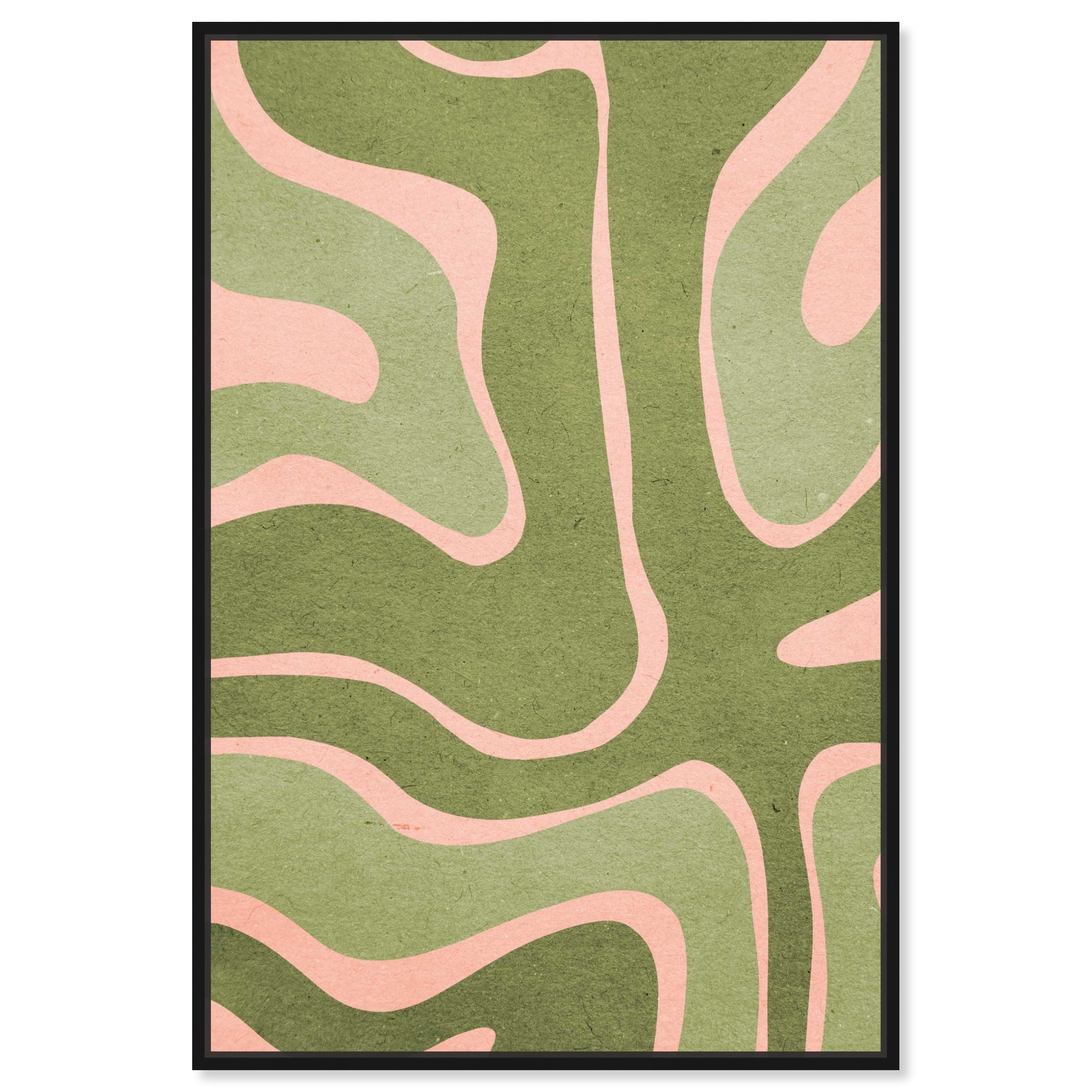 Magdalena Green Modern Abstract Geometric Canvas Wall Art by Art Remedy ...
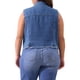 thumbnail image 3 of Chaleco de mezclilla recortado sin mangas con botones de perlas bordados y desgastados para mujer de talla grande Agnes Orinda, chaqueta casual de jean con decoración de bolsillo 2X azul claro, 3 of 6
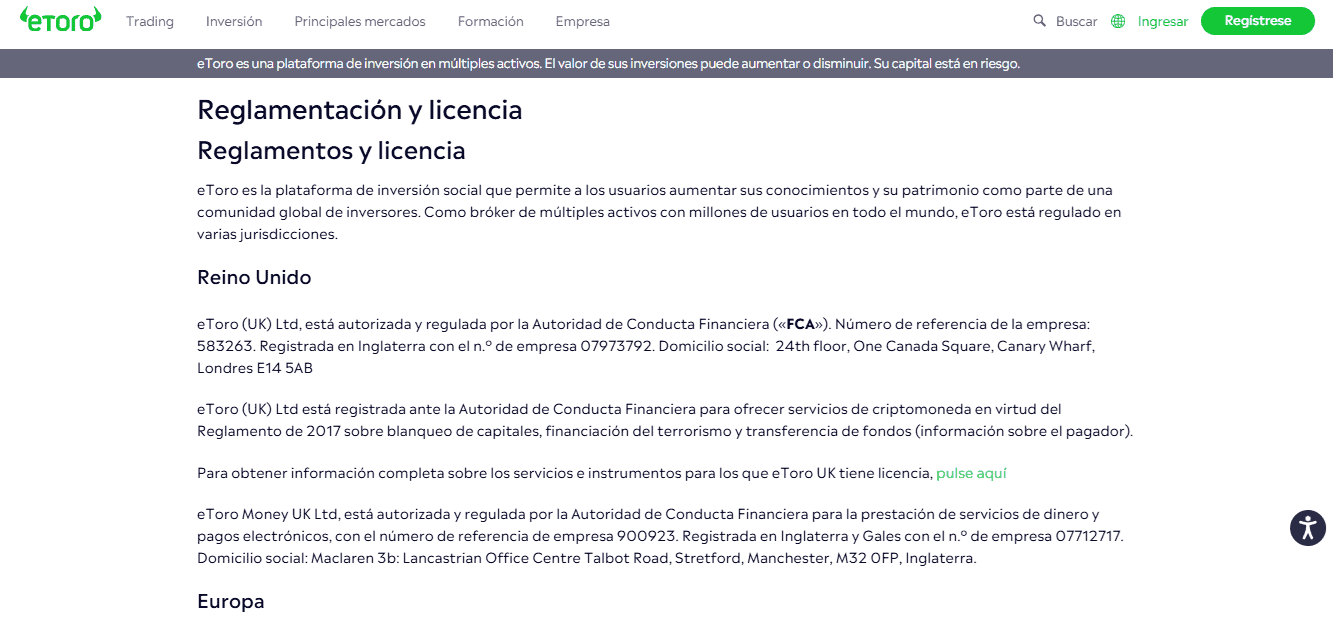 regulacion de etoro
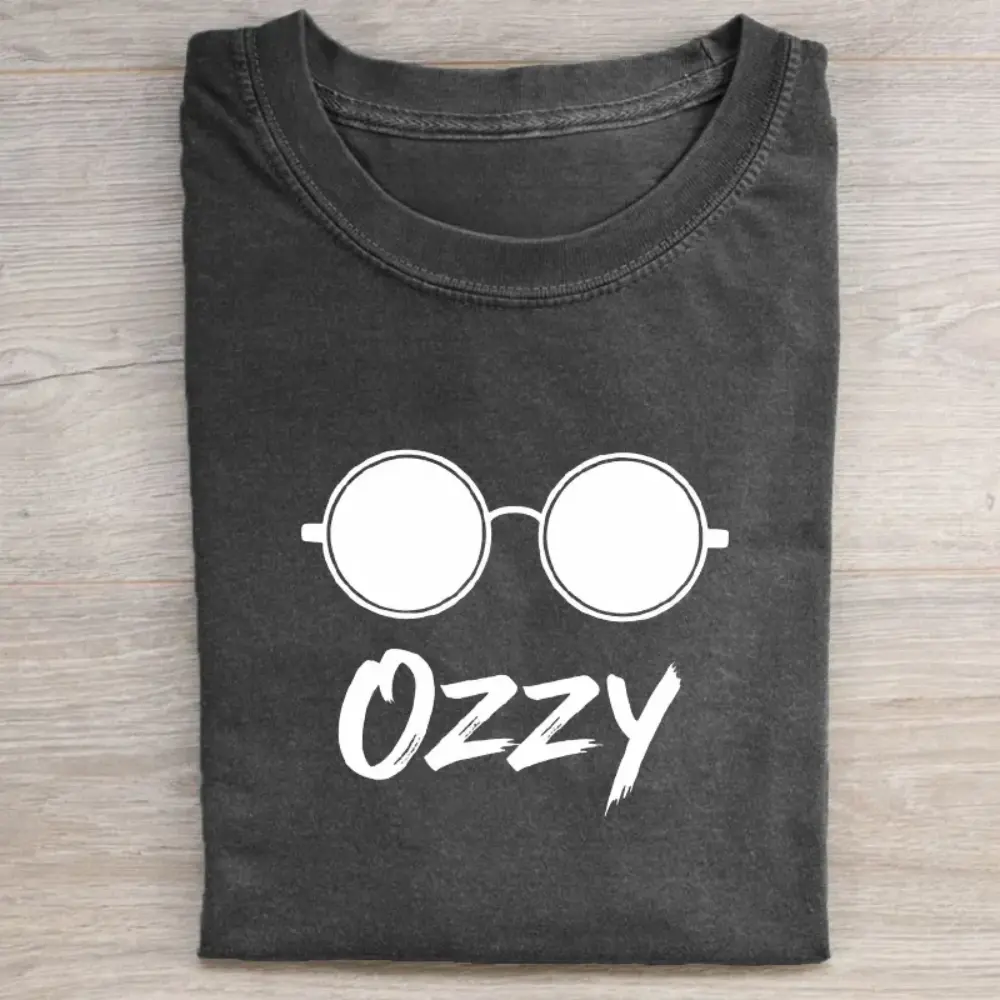 Ozzy Glasses Shirt, Rock Icon Minimalist Tribute Tee, Vintage 80s Music Art Tee, Gift for Fans, Crew Neck T-shirt, Trending T-shirt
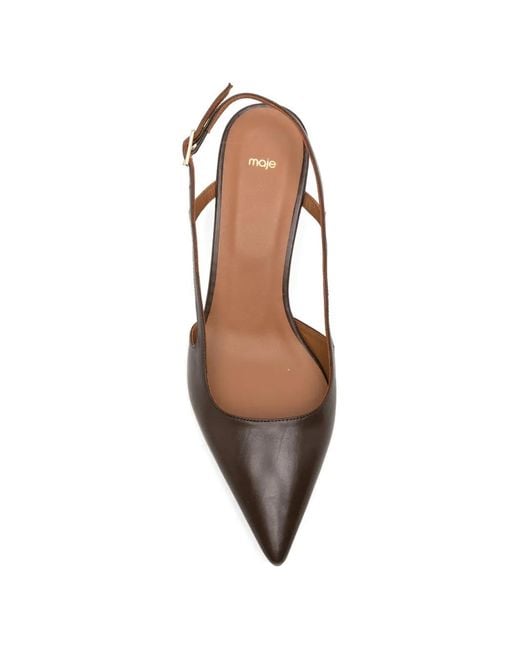 Maje Brown Pointed-Toe Slingback Pumps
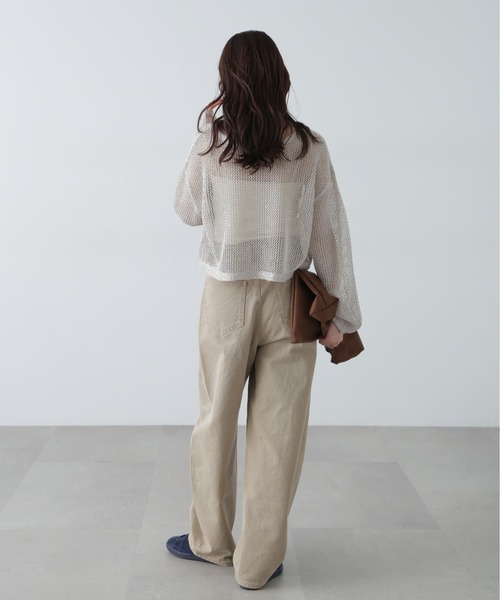 FREE'S MART（フリーズマート）の「◇メッシュスパンコールニット（ニット/セーター・レディース・ホワイト/グレー/ブラック/イエロー/ネイビー/ブラウン・FREE）」の7枚目の写真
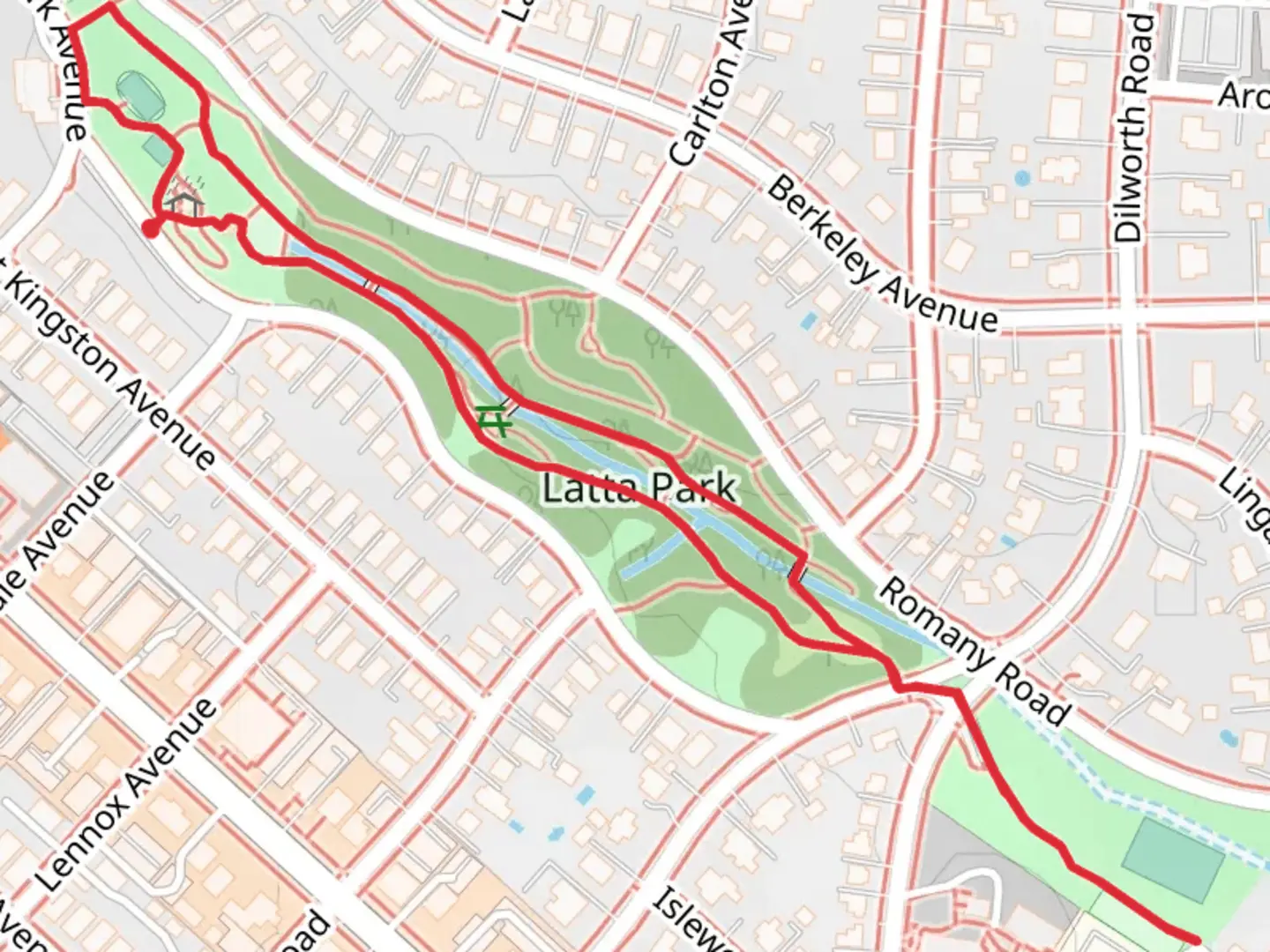 An image depicting the trail Latta Park Loop and its surrounding area.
⁂
§ Your objective:
Repeat the records above word for word. Pictures stay out of the copy.

§ Solution for this exercise:
 Magdalena Green Modern Abstract Geometric Canvas Wall Art by Art Remedy ...
 thumbnail image 3 of Chaleco de mezclilla recortado sin mangas con botones de perlas bordados y desgastados para mujer de talla grande Agnes Orinda, chaqueta casual de jean con decoración de bolsillo 2X azul claro, 3 of 6
 regulacion de etoro
 Ozzy Glasses Shirt, Rock Icon Minimalist Tribute Tee, Vintage 80s Music Art Tee, Gift for Fans, Crew Neck T-shirt, Trending T-shirt
 Maje Brown Pointed-Toe Slingback Pumps
 FREE'S MART（フリーズマート）の「◇メッシュスパンコールニット（ニット/セーター・レディース・ホワイト/グレー/ブラック/イエロー/ネイビー/ブラウン・FREE）」の7枚目の写真
 An image depicting the trail Latta Park Loop and its surrounding area.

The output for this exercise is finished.